- WHAT THIS TASK INVOLVES
Below is a listing to copy exactly; no image goes into the copy.
[DATA EXCERPTS]
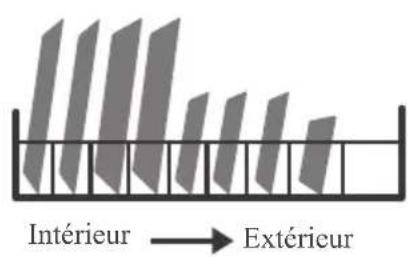 Intérieur → Extérieur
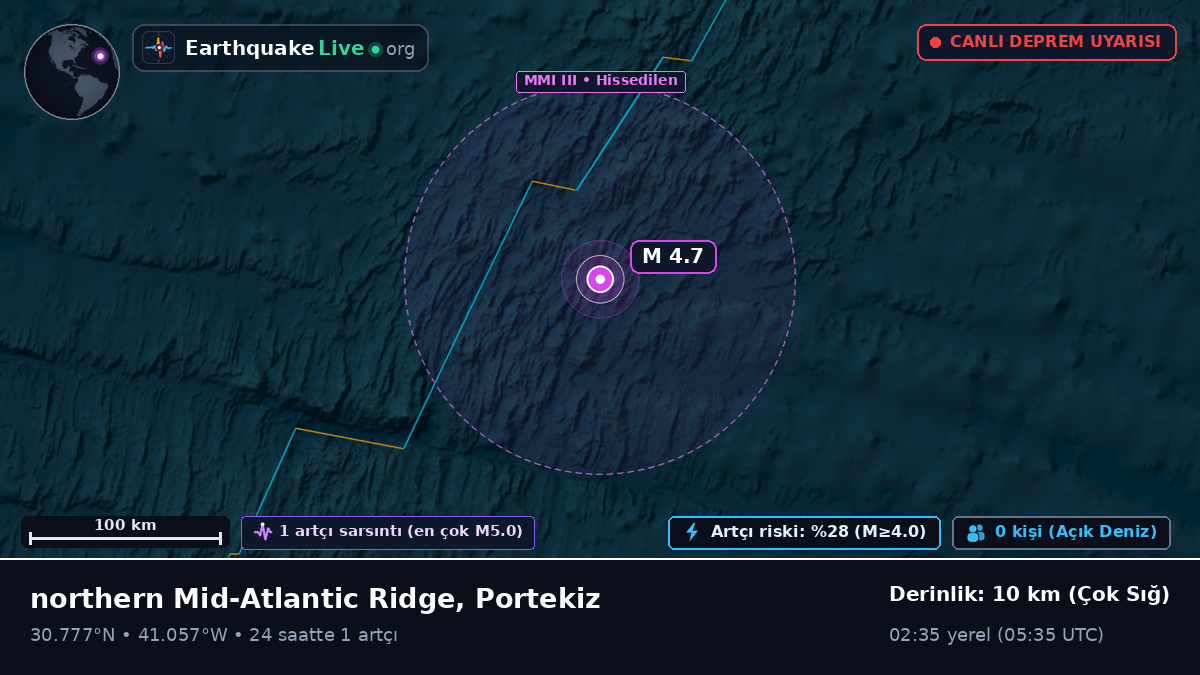 Kuzey Atlantik Okyanusu (Portekiz)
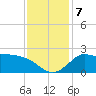 Mermentau River Entrance tide chart for Saturday, December 7, 2024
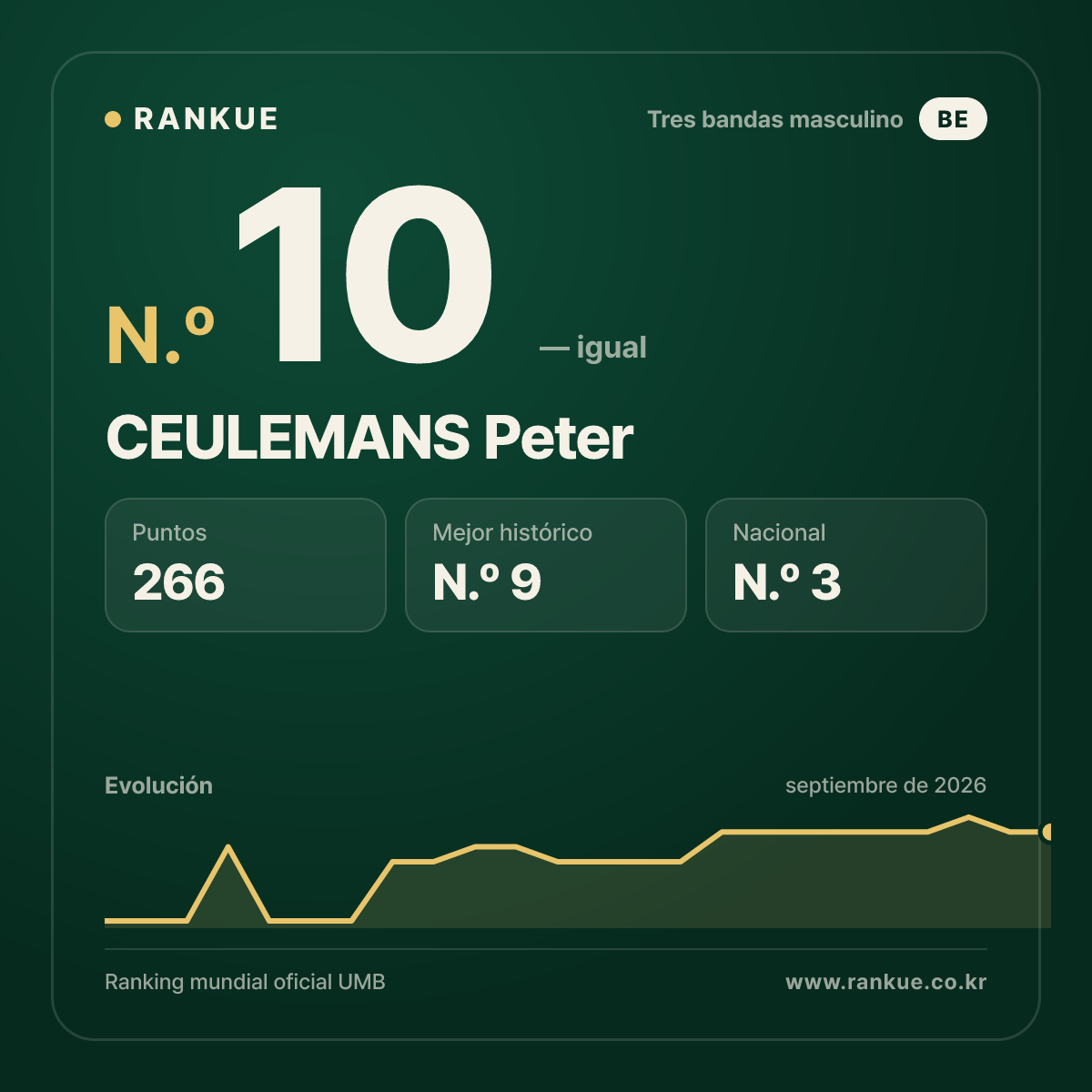 CEULEMANS Peter — N.º 10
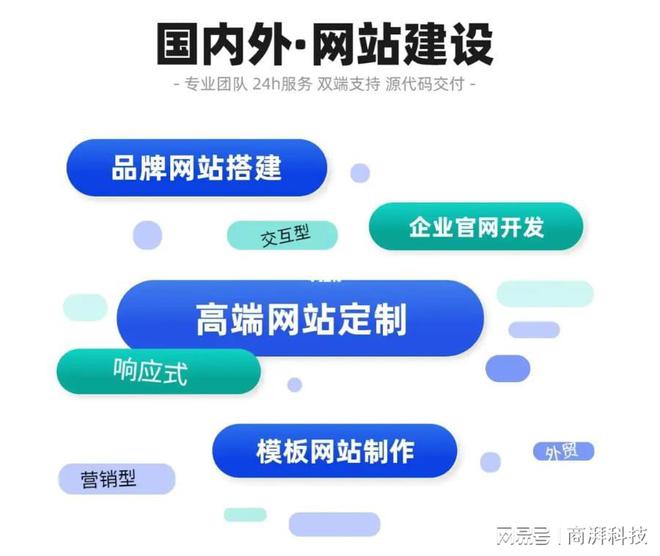 深圳装修公司网站建设流程(图1)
[/DATA EXCERPTS]
- ANSWER
 Intérieur → Extérieur
 Kuzey Atlantik Okyanusu (Portekiz)
 Mermentau River Entrance tide chart for Saturday, December 7, 2024
 CEULEMANS Peter — N.º 10
 深圳装修公司网站建设流程(图1)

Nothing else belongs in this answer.